[Records from a dataset]
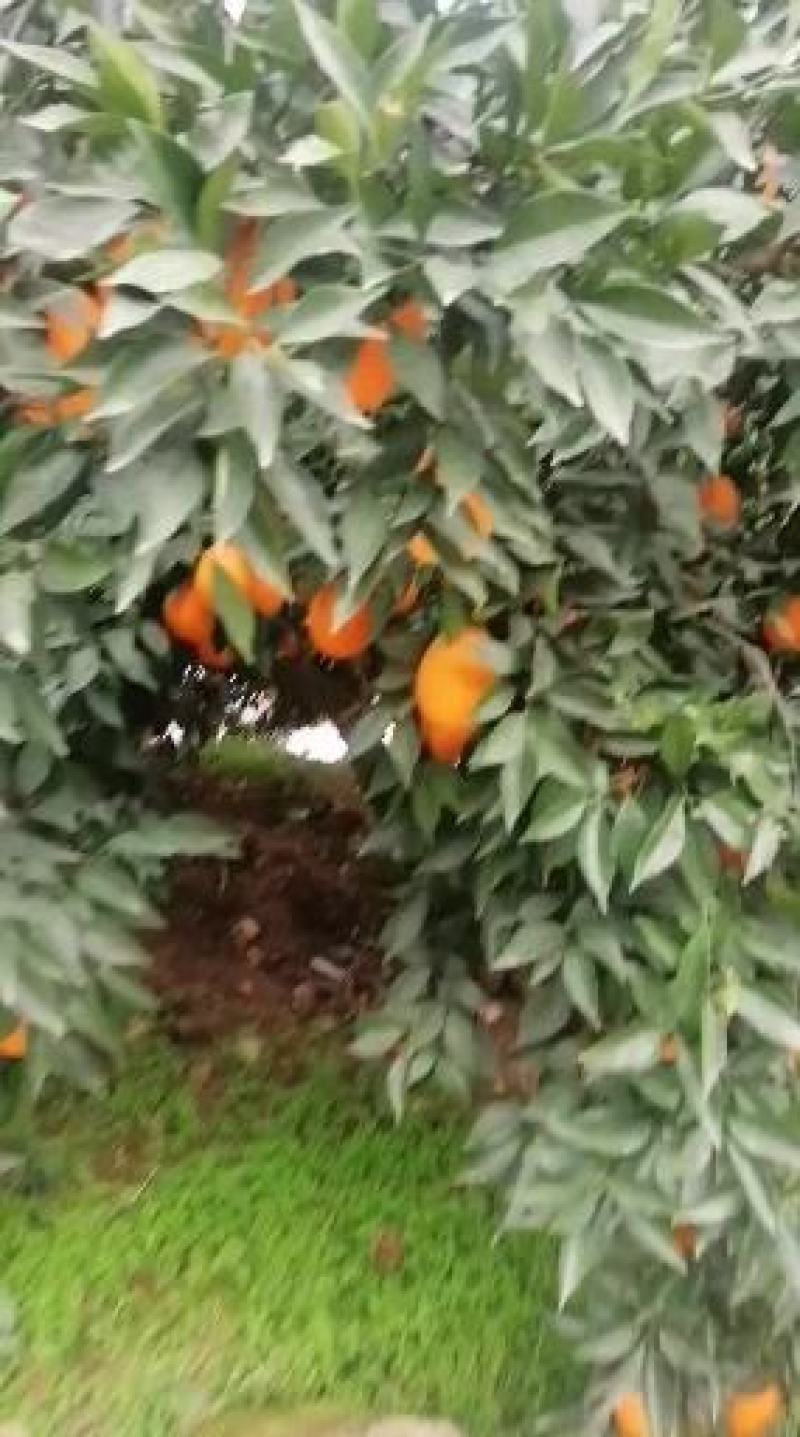 茂谷柑又大又甜，保质保量，欢迎咨询订购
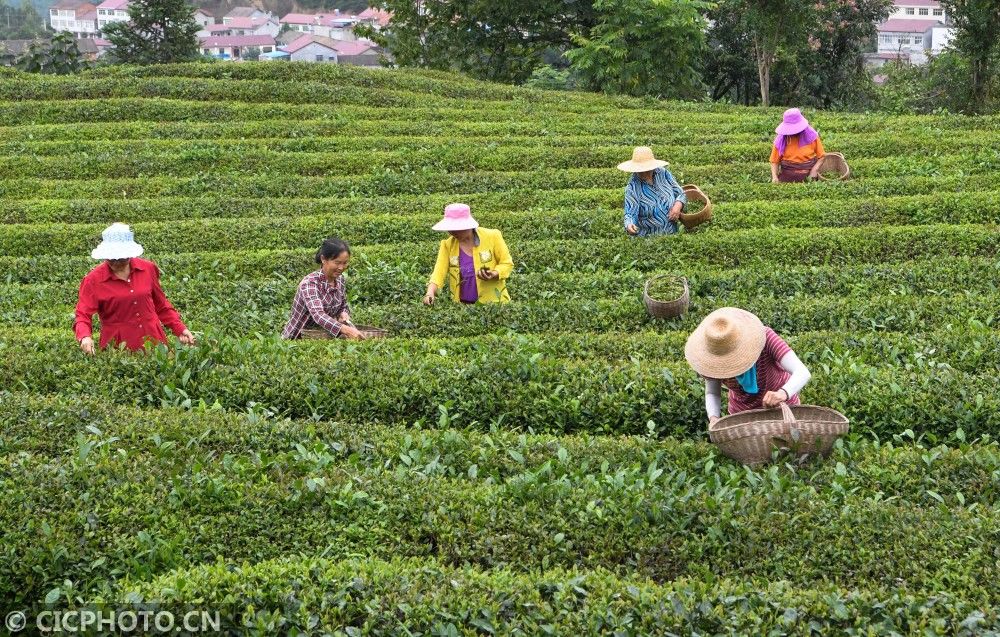 茶农|湖北保康：秋茶采摘忙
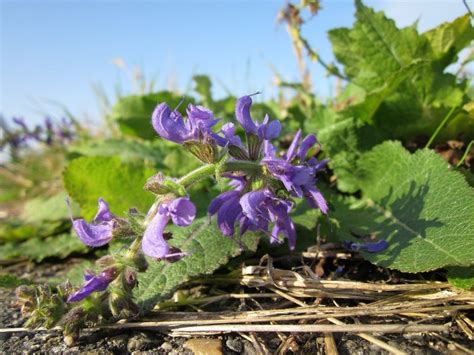 10 Beautiful Native Irish Wildflowers To Look For This Spring And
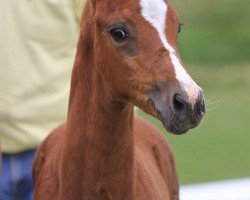 Zuchtstute Cavalina (Deutsches Reitpony, 2013, von Nancho's Highlight)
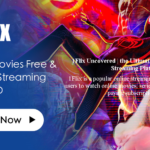 1Flix Uncovered | the Ultimate Guide to This Free Streaming Platform 1Flix is a popular online streaming platform that allows users to watch online movies, series and TV shows without paying subscription fees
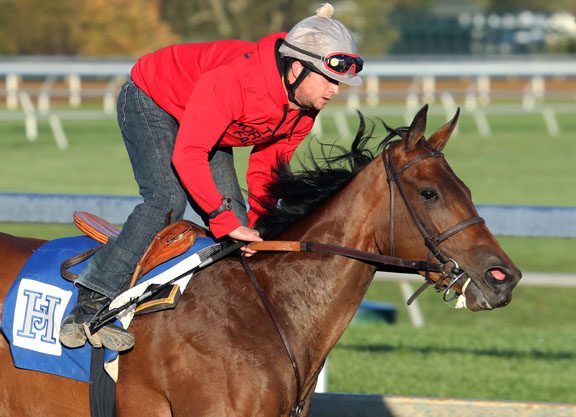 Super Majesty Works Towards BC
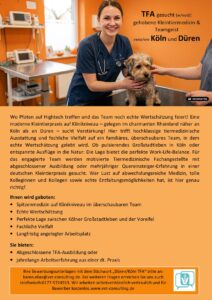Düren Köln TFA Job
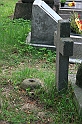 IMG_3185
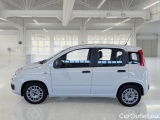 Fiat  Panda FIAT  / 2011 / 5P / BERLINA 1.0 FIREFLY 70CV SeS HYBRID #8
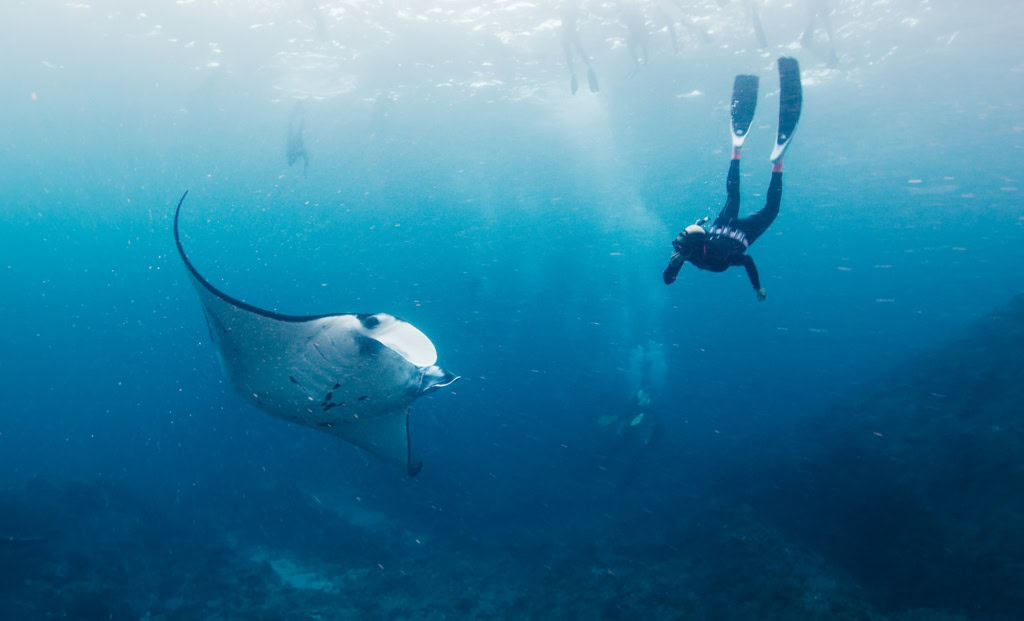 Unter der Wasseroberfläche des Meeres schwimmen ein Mantarochen und eine Person mit Schnorchelausrüstung nebeneinander.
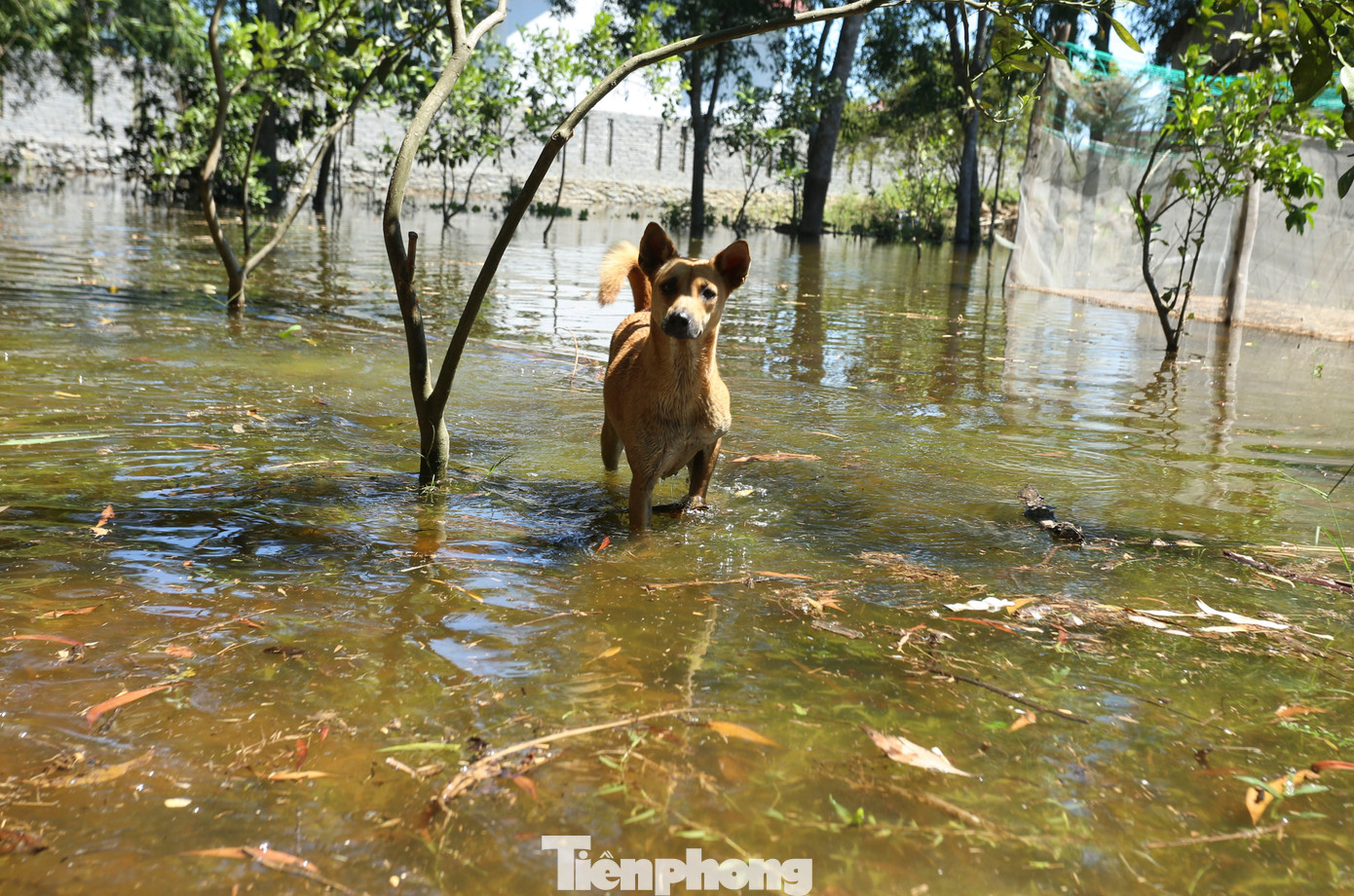 Nước ngập từ ngoài vườn đến trong nhà cuộc sống người dân đảo lộn. Họ mong chính quyền địa phương có phương án xử lý triệt sự cố để người dân yên tâm sinh sống.
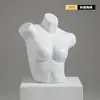 Accesorios de Maniquí para Ropa Interior Torso Femenino Masculino Soportes de Exhibición de Ventana de Plástico para Maniquíes de Hombre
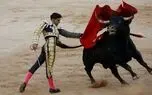 پرش وحشتناک گاو به جایگاه تماشاگران
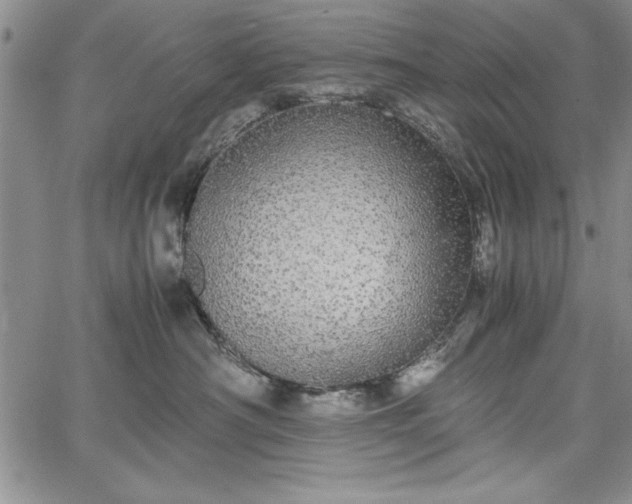 X0000067870430200604201223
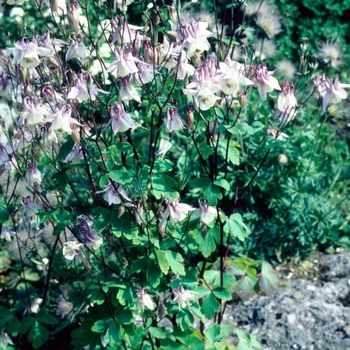 Aquilegia oxypetalum 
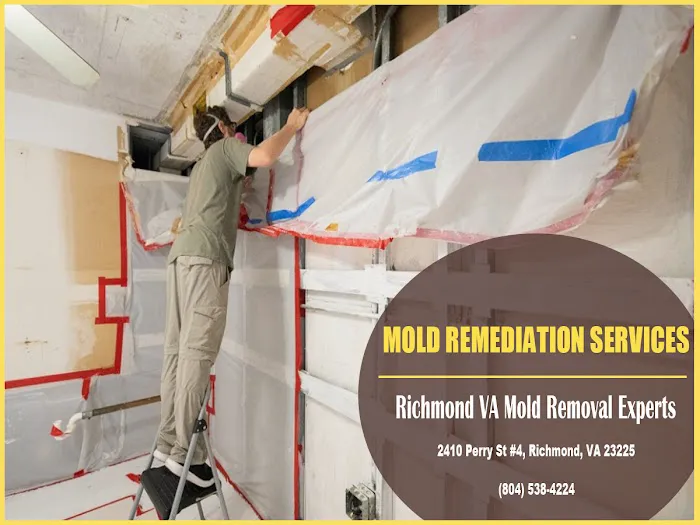 Richmond VA Mold Removal Experts Picture 4
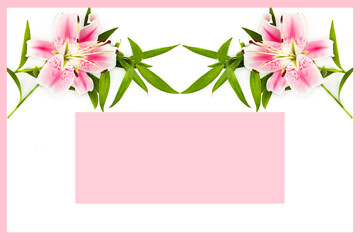 Delicate pink lily flowers isolated on a white. Collage. There is free space for text.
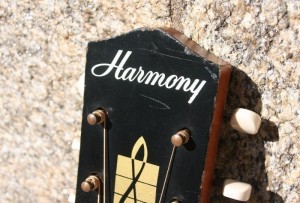 HARMONY H162 with LR Baggs M-80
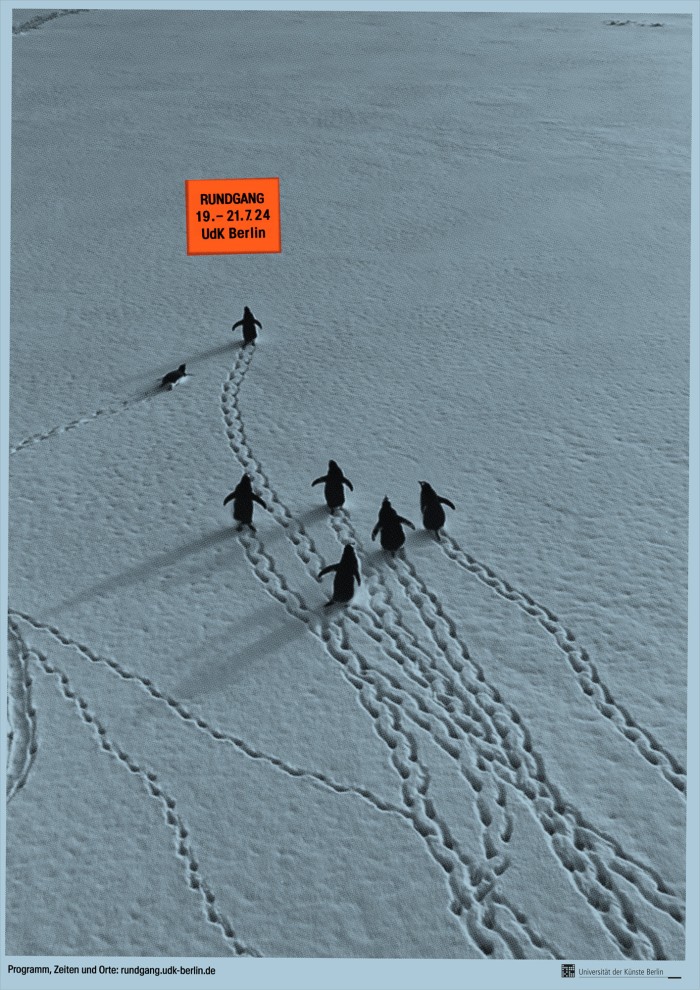 Poster mit Drohnenaufnahme von Pinguinen, die Spuren im Schnee ziehen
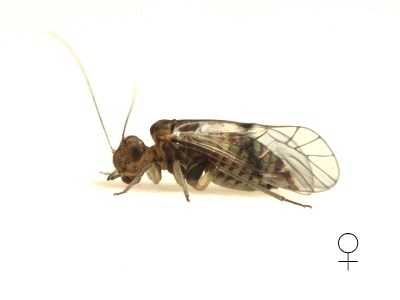 Indiopsocus campestris female
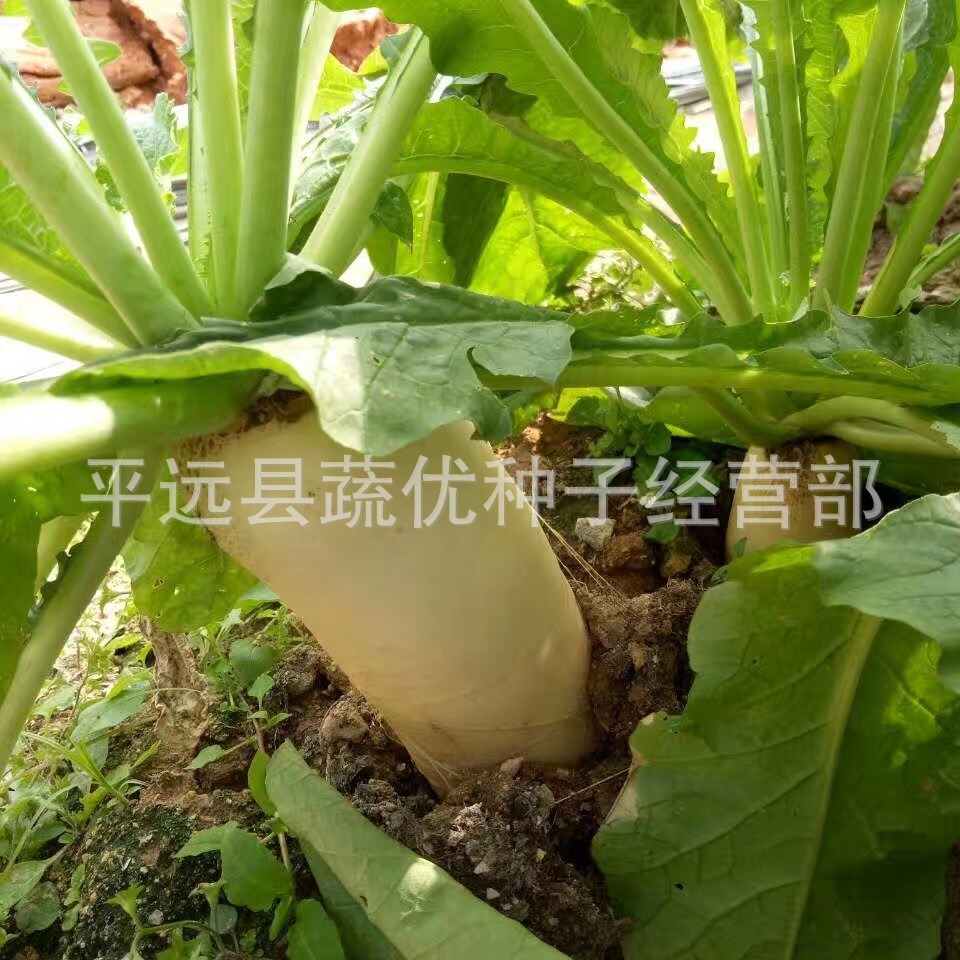 Wholesale Vegetable Garden Vegetable Seeds Short-Leaf Thirteen Early Radish 25g Potted Balcony Yard Rapeseed Manufacturer Supply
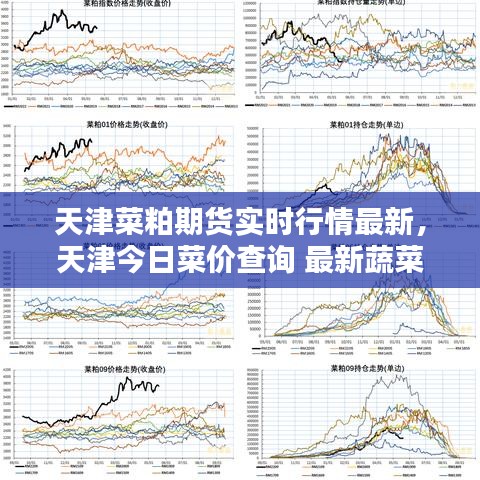 天津菜粕期货实时行情最新，天津今日菜价查询 最新蔬菜价格行情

Aim of the task: Return only the part above that opens with the line containing "茶农|湖北保康：秋茶采摘忙" and closes with the line containing "Aquilegia oxypetalum", exactly and with both ends, skipping the pictures.

Solution for this problem:
 茶农|湖北保康：秋茶采摘忙
 10 Beautiful Native Irish Wildflowers To Look For This Spring And
 Zuchtstute Cavalina (Deutsches Reitpony, 2013, von Nancho's Highlight)
 1Flix Uncovered | the Ultimate Guide to This Free Streaming Platform 1Flix is a popular online streaming platform that allows users to watch online movies, series and TV shows without paying subscription fees
 Super Majesty Works Towards BC
Düren Köln TFA Job
 IMG_3185
 Fiat  Panda FIAT  / 2011 / 5P / BERLINA 1.0 FIREFLY 70CV SeS HYBRID #8
 Unter der Wasseroberfläche des Meeres schwimmen ein Mantarochen und eine Person mit Schnorchelausrüstung nebeneinander.
 Nước ngập từ ngoài vườn đến trong nhà cuộc sống người dân đảo lộn. Họ mong chính quyền địa phương có phương án xử lý triệt sự cố để người dân yên tâm sinh sống.
 Accesorios de Maniquí para Ropa Interior Torso Femenino Masculino Soportes de Exhibición de Ventana de Plástico para Maniquíes de Hombre
 پرش وحشتناک گاو به جایگاه تماشاگران
 X0000067870430200604201223
 Aquilegia oxypetalum 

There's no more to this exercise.